What Tülu 3 provides
for researchers and developers
Models
Explore the collection of open-sourced instruct models created from our open data and recipes.
Data
The underlying training data for fine-tuning processes is the most important piece of the puzzle but often the element with the least transparency. Tülu 3 changes that.
Training
We open source our scalable codebase for supervised finetuning (SFT), Direct Preference Optimization (DPO), Reinforcement Learning with Verifiable Rewards (RLVR), and all the other algorithms we considered when training Tülu.
Evaluation
We're sharing the code base used to produce Tülu 3's results to make these evaluations more standardized and reproducible.
Our philosophy
Early work in language model post-training followed a standard recipe pioneered by models like InstructGPT, consisting of instruction-tuning followed by preference fine-tuning. Since then, the sophistication and complexity of post-training approaches have continued to increase, however most successful post-training models offer limited information about their training data, code, or recipes. Tülu 3 pushes the boundaries of research in post-training and closes the gap between open and closed fine-tuning recipes. By openly sharing our data, recipes, and findings, we hope to uncover which paths for the open-source community will lead to success and which do not, enabling the community to explore new and innovative post-training approaches.
Our approach
The Tülu 3 effort began with identifying key desirable capabilities for generalist language models, including knowledge, reasoning, mathematics, coding, instruction following, general chat, and safety – areas where current open post-training recipes often fall behind.

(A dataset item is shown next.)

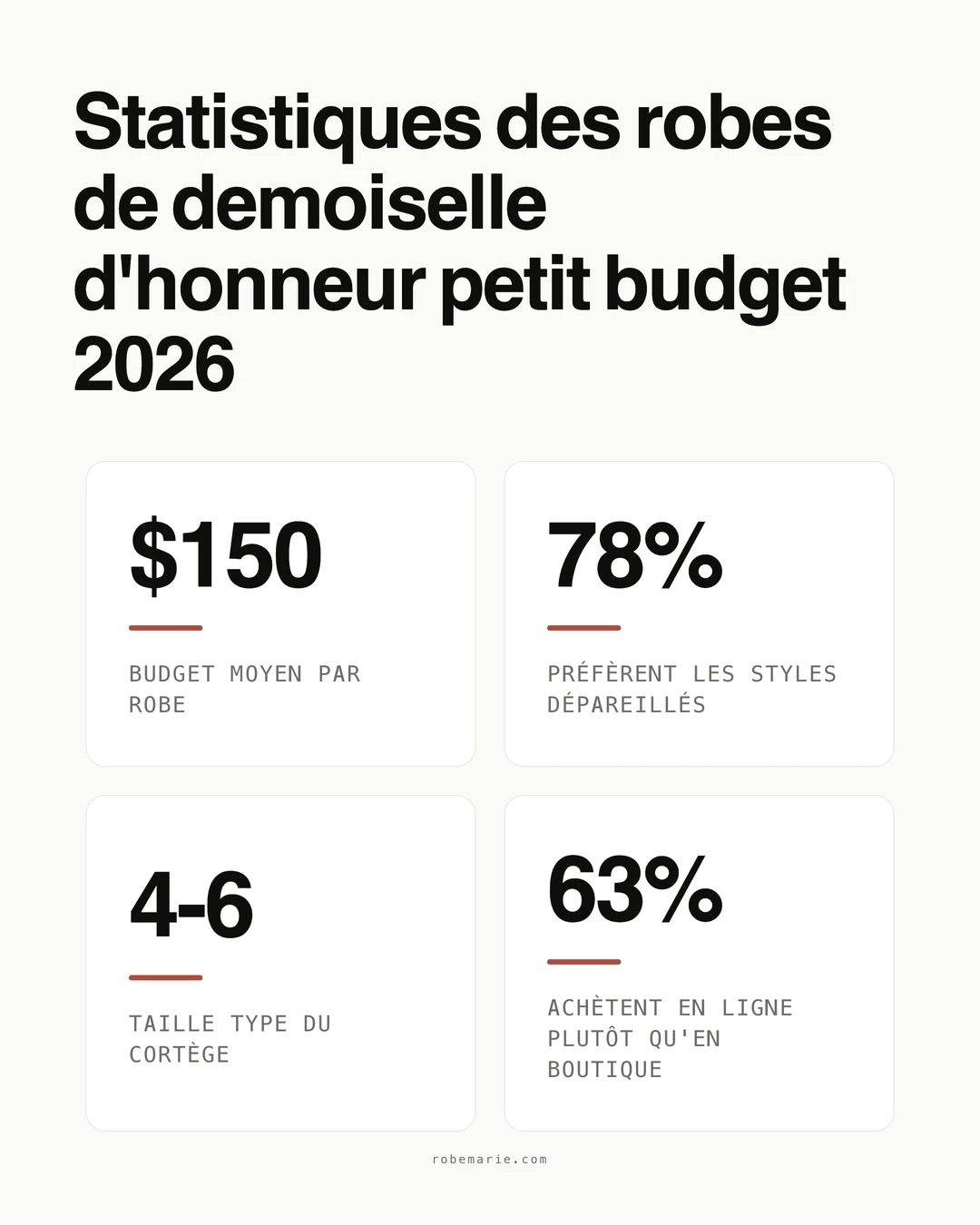 Statistiques Robes de Demoiselles d'Honneur Petit Budget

Our success is rooted in careful data curation, rigorous experimentation, innovative methodologies, and improved training infrastructure. In particular, we produce Tülu 3 models through a four-stage post-training recipe on top of pre-trained language models (namely Llama 3 Base). This includes (1) careful prompt curation and synthesis, (2) supervised finetuning on our carefully selected mix of prompts and their completions targeting core skills, (3) combining both off- and on-policy preference data to apply preference tuning, and (4) a new RL-based method to enhance specific skills with verifiable rewards.
Our results
Tülu 3 models achieve state-of-the-art performance across our multi-skill evaluation compared to models of an equivalent size and some closed API-based models.